The following command is a simple way of identifying all RAID volumes attached to a SAS controller that are not in an OPTIMAL state: # raidctl –S |egrep c[0-9]+t[0-9]+d[0-9] |egrep -v OPTIMAL The following is example output that shows a RAID volume on a SAS 6/iR in a non-OPTIMAL state, c0t6d0 2 0.10.0 0.7.0 1 SYNC The output can be used for notification; check raidctl documentation for more command options.

PERC 6/i Status LSI MegaCli provides multiple commands to check the status of RAID volumes attached to a PERC 6/i controller.

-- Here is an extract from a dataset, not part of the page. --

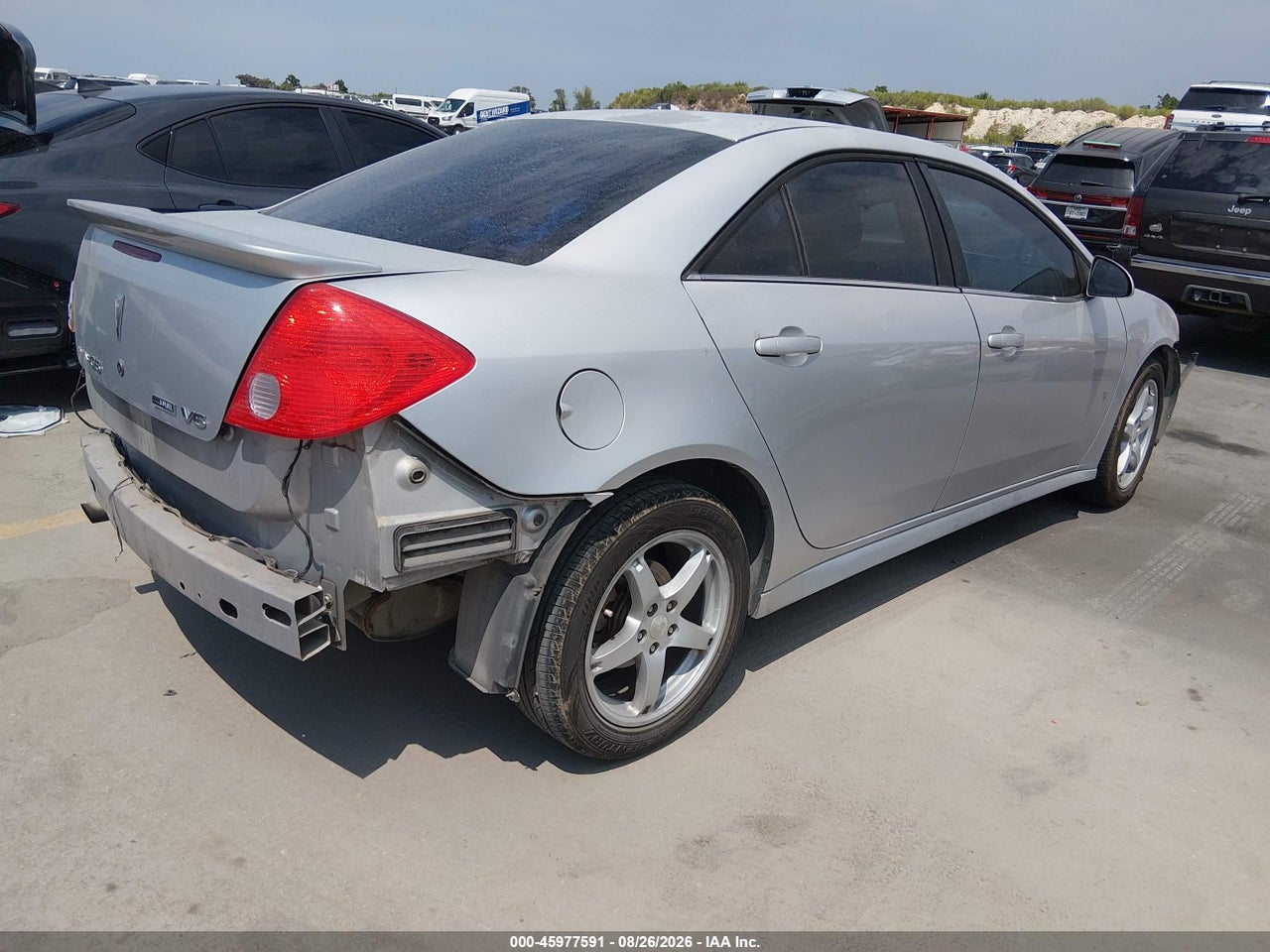 2009 PONTIAC G6 NEW SE · 4/11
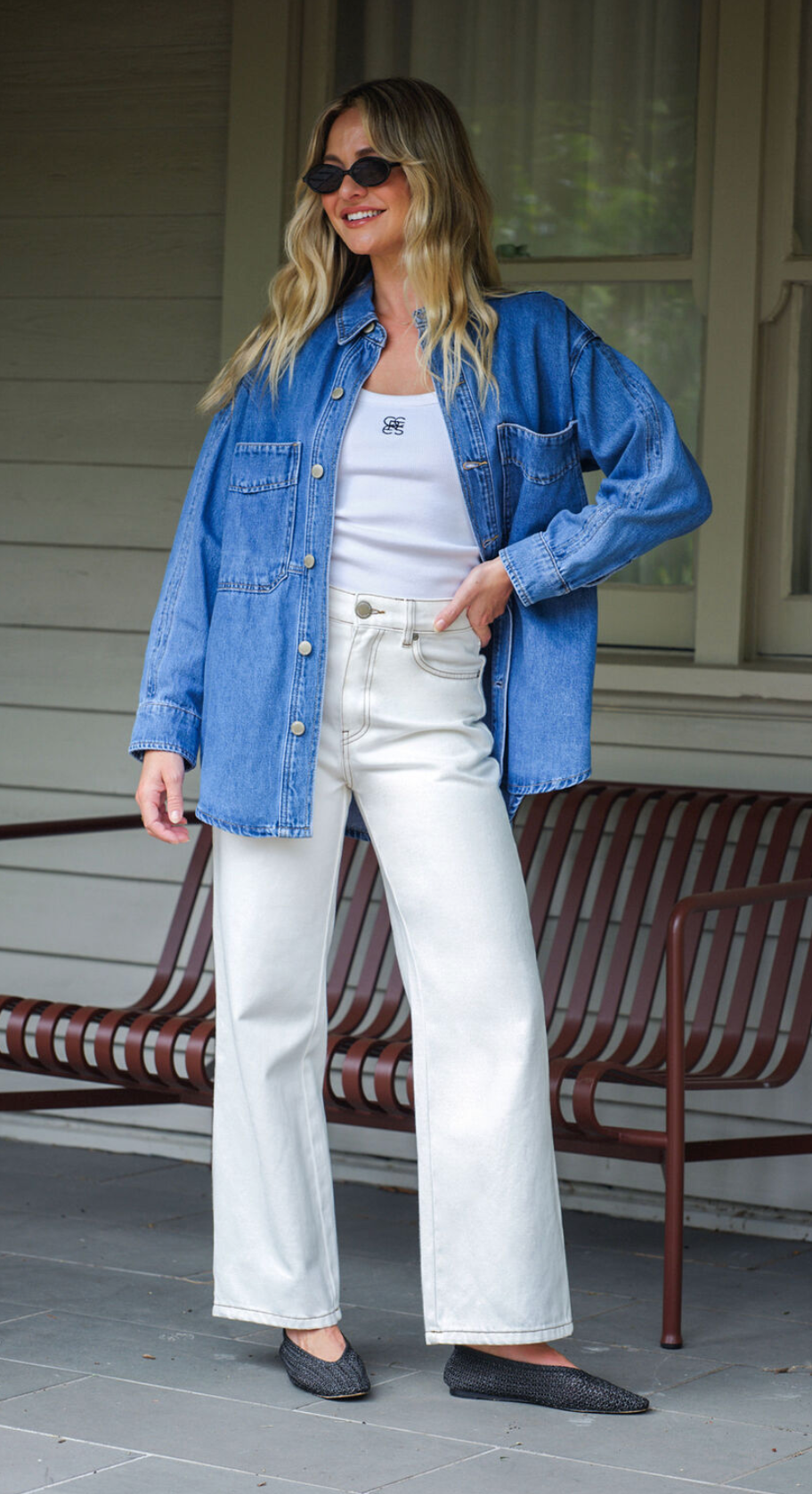 Ceres Frankie Loose Straight Jean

The number of RAID volumes configured on a PERC 6/i, properties and status for each volume, and the information and status for constituent member disks is provided by entering the following command: # MegaCli -ldpdinfo -a0 The following command can be used to check the status of each RAID volume and its constituent HDDs: # MegaCli -ldpdinfo –a0 |egrep “Virtual|^State|Slot|Firmware”

The following is example output from the above command; a PERC 6/i sub-system where the third volume (Target ID: 2) is in a Degraded state and the disk in slot number 4 is in an Offline sate. Number of Virtual Disks: 3 Virtual Disk: 0 (Target Id: 0) State: Optimal Slot Number: 0 Firmware state: Online Virtual Disk: 1 (Target Id: 1) State: Optimal Slot Number: 1 Firmware state: Online Slot Number: 2 Firmware state: Online Virtual Disk: 2 (Target Id: 2) State: Degraded Slot Number: 3 Firmware state: Online Slot Number: 4 Firmware state: Offline The PERC 6/i battery status for an Over Temperature or Low capacity condition can be checked using following command: # MegaCli -AdpBbuCmd GetBbuStatus -a0 |egrep “Capacity Alarm|Over Temp” Command options for MegaCli can be listed by running the following command: # “MegaCli -?” You can also consult the additional documentation listed at the end of this paper7 8.

STATUS NOTIFICATION Status notification can be performed using SNMP alerts, or email messages, or syslog entries where syslog is monitored for events. The status notifications can be classified as critical, warning and notice. Notifications via email messages, or syslog entries, do not have stringent format requirements for the message. For consistency, you want to build messages that are somewhat similar to the corresponding MIB OID that SNMP alerts would use.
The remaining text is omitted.